Now, norm is a RandomVariate.

[7]:
type(norm)
[7]:
threeML.random_variates.RandomVariates

This is essentially a wrapper around numpy NDArray with a few added properties. It is an array of samples. In the MLE case, they are samples from the covariance matrix (this is not at all a marginal distribution, but the parameter “knows” about the entire fit, i.e., it is not a profile) and in the Bayesian case, these are samples from the posterior (this is a marginal).
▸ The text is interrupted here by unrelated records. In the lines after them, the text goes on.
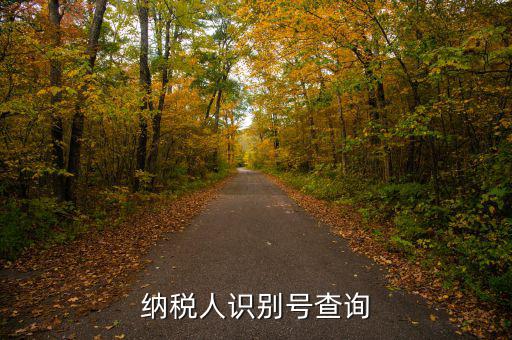 如何查公司納稅人識別號，納稅人識別號查詢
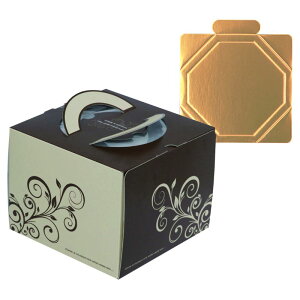 y100ZbgzP[L XC[gfR6(䎆t) }jpbP[W 00733974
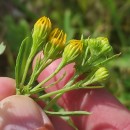 Jacobaea vulgaris Gaertn.Jacobaea vulgaris Gaertn.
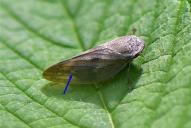 Aphrophora major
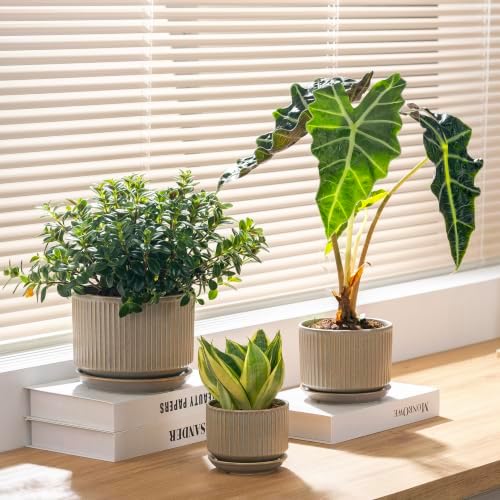 SURE YUESI Ceramic Plant Pots Set of 3, Indoor Outdoor Planters with Drainage Hole and Saucer, Ceramic Flower Pots for Indoor Plants, 4.3+5.5+6.8 Inch, Home, Garden, Patio and Office, Matte Grey - Image 2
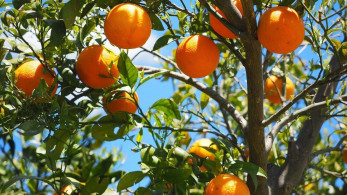 Κομισιόν: 31 εκατ. ευρώ για τους Έλληνες αγροτικούς παραγωγούς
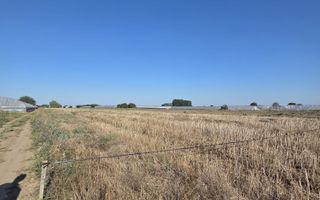 Teren 7 euro mp str asfaltata langa padure Colibasi Campurelu - Poză 6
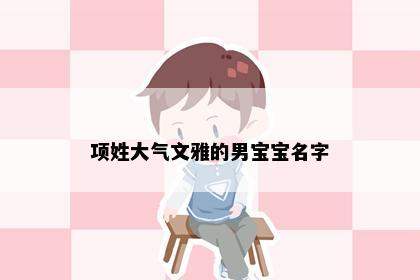 项姓大气文雅的男宝宝名字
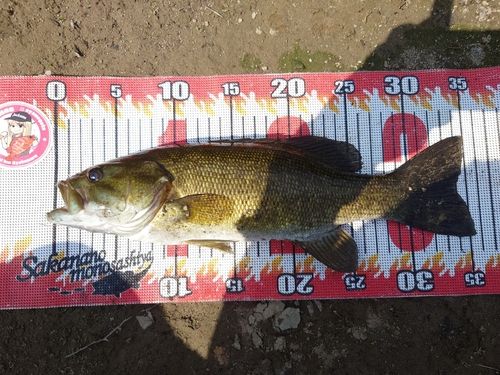 スモールマウスバスの釣果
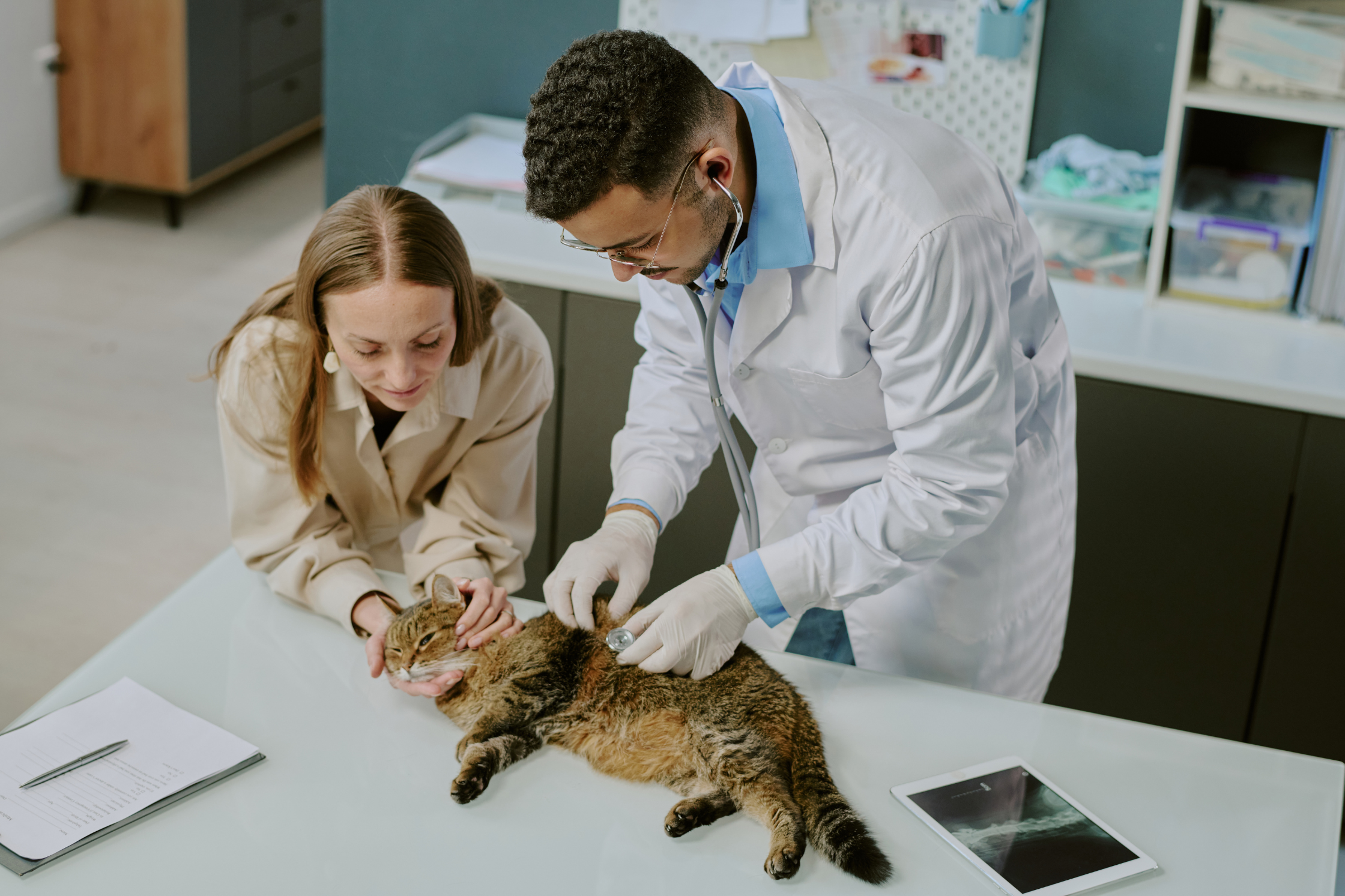 A veterinarian examining a cat while speaking with its owner during a consultation in Texas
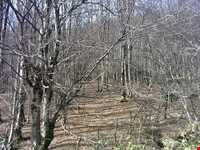 دریاچه توشن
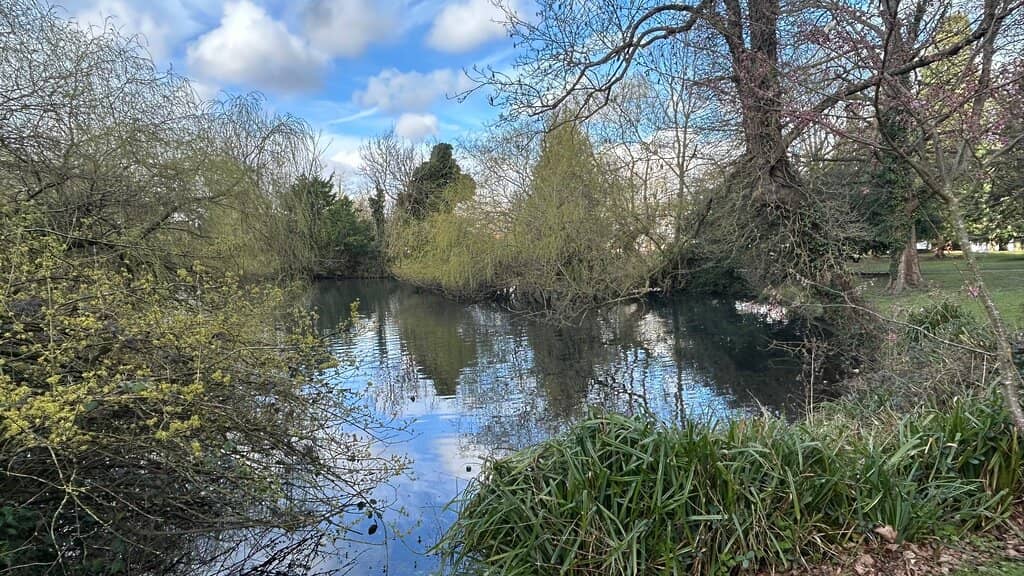 Seasonal Pop-Up Shops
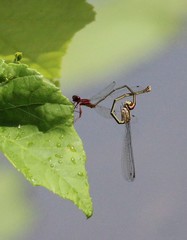 Enallagma dubium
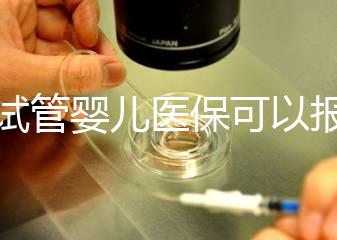 做試管嬰兒醫保可以報銷多少比例(做試管嬰兒醫保可以報銷多少比例的)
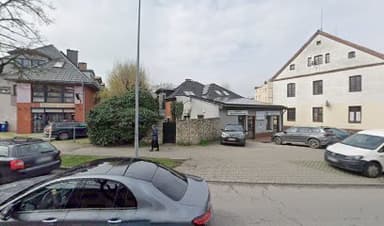 Strzyżenie psów i kotów, salon pielęgnacji zwierząt OLWET w Oleśnicy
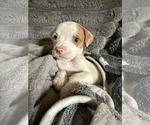 Small Mutt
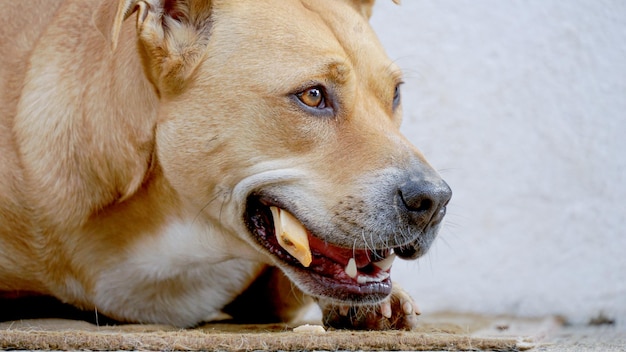 mélange de chien staffy mange un os image en gros plan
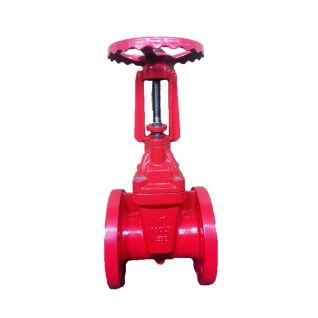 Ductile iron ANSI 150LB rising stem gate valve 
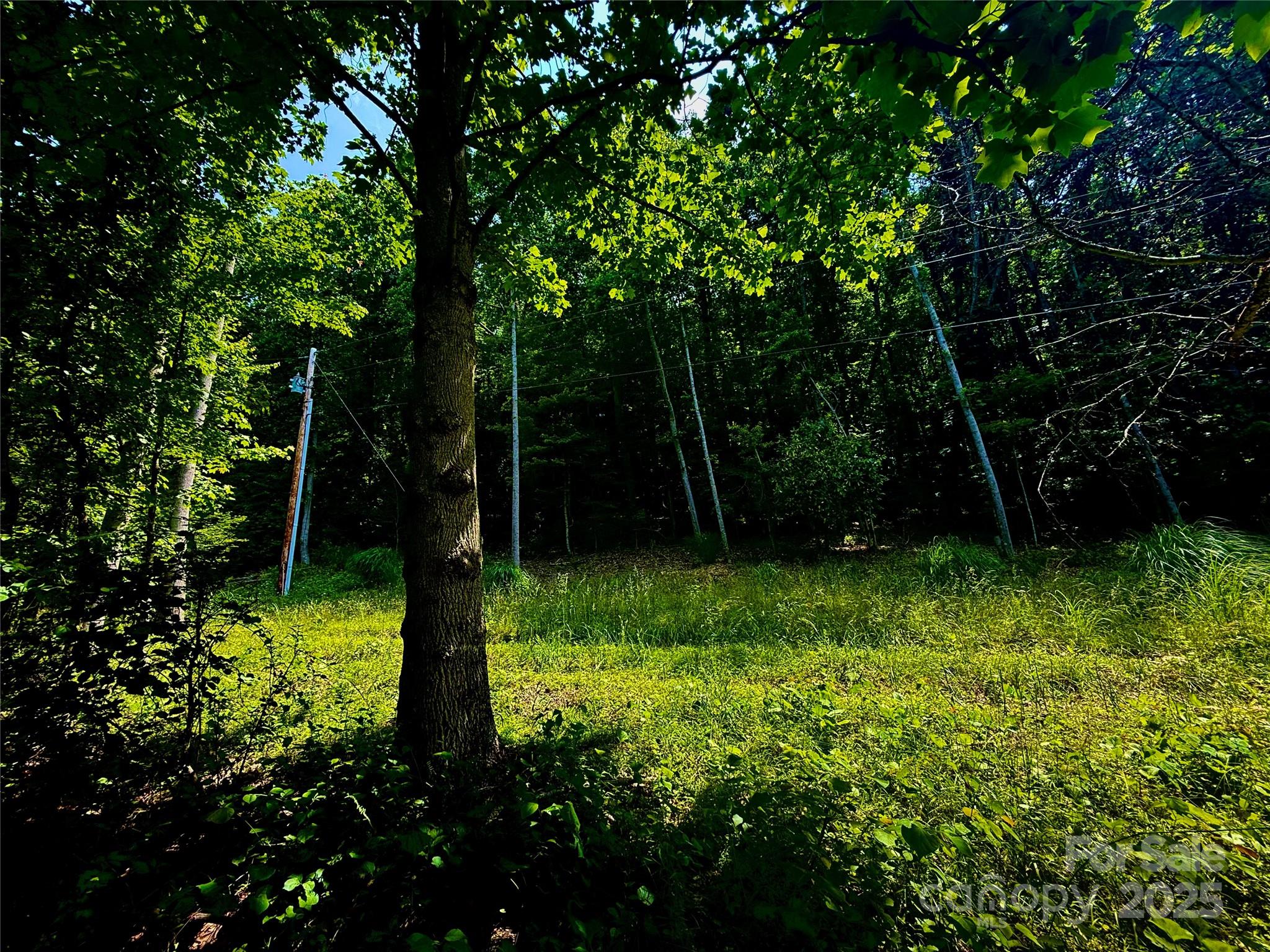 700 Wooded Mountain Trail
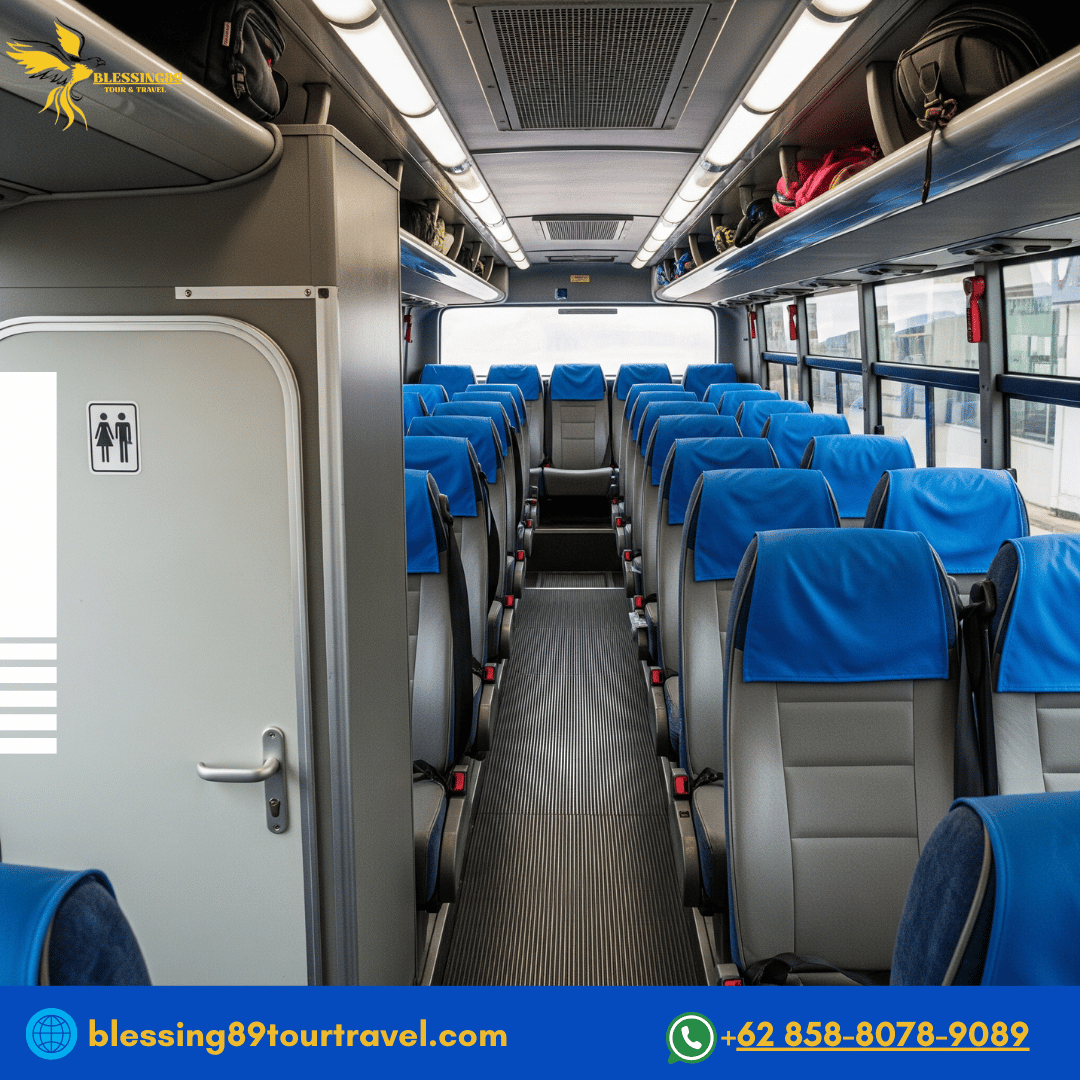 Gold Star-Big Bus 50 Seat 2-2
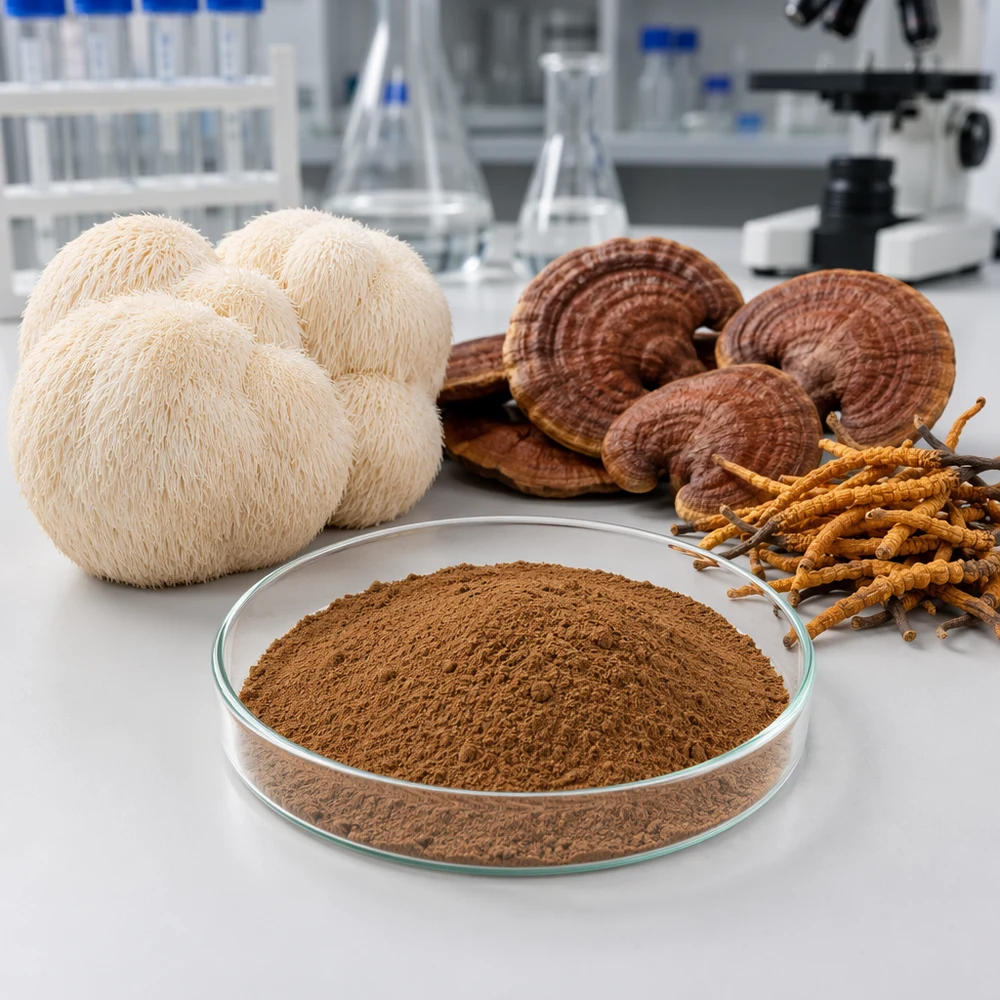 Multi-Mushroom Extract Blend ingredient and specification presentation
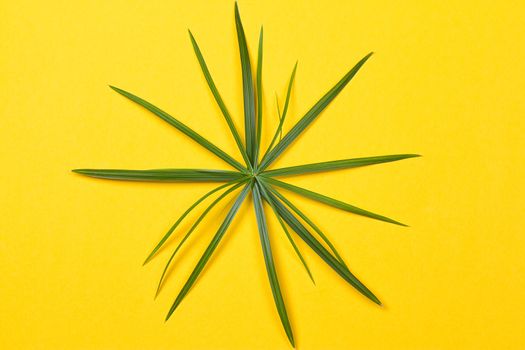 Tropical leaves on yellow background. minimal concept. Flat lay.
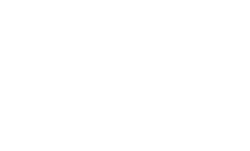 Waxed Pro Detailing Logo
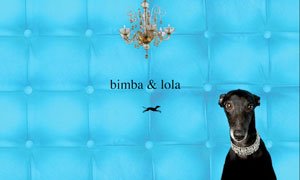 [galgo.bmp]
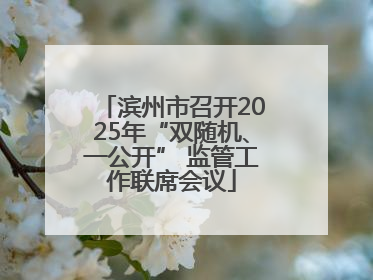 滨州市召开2025年“双随机、一公开” 监管工作联席会议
The output representation for an RV are its 68% equal-tail and HPD uncertainties.

[8]:
norm
[8]:
equal-tail: (3.0 +/- 0.4) x 10, hpd: (3.0 +/- 0.4) x 10

We can access these directly, and to any desired confidence level.

[9]:
norm.equal_tail_interval(cl=0.95)
[9]:
(22.319110229189853, 37.283134411188136)
[10]:
norm.highest_posterior_density_interval(cl=0.5)
[10]:
(27.715097554225043, 32.83543080978059)

As stated above, the RV is made from samples. We can histogram them to show this explicitly.

[11]:
fig, ax = plt.subplots()

ax.hist(norm.samples, bins=50, ec="k", fc="w", lw=1.2)
ax.set_xlabel("norm")
[11]:
Text(0.5, 0, 'norm')
../_images/notebooks_random_variates_19_1.png

We can easily transform the RV through propagation.

[12]:
log_norm = np.log10(norm)
log_norm
[12]:
equal-tail: 1.47 -0.06 +0.05, hpd: 1.47 -0.05 +0.06
[13]:
fig, ax = plt.subplots()

ax.hist(log_norm.samples, bins=50, ec="k", fc="w", lw=1.2)
ax.set_xlabel("log norm")
[13]:
Text(0.5, 0, 'log norm')
../_images/notebooks_random_variates_22_1.png
.. note:: Some operations will destroy the RV by accessing only its NDArray substructure. For example, using an RV with astropy units will return an array of samples with the given units.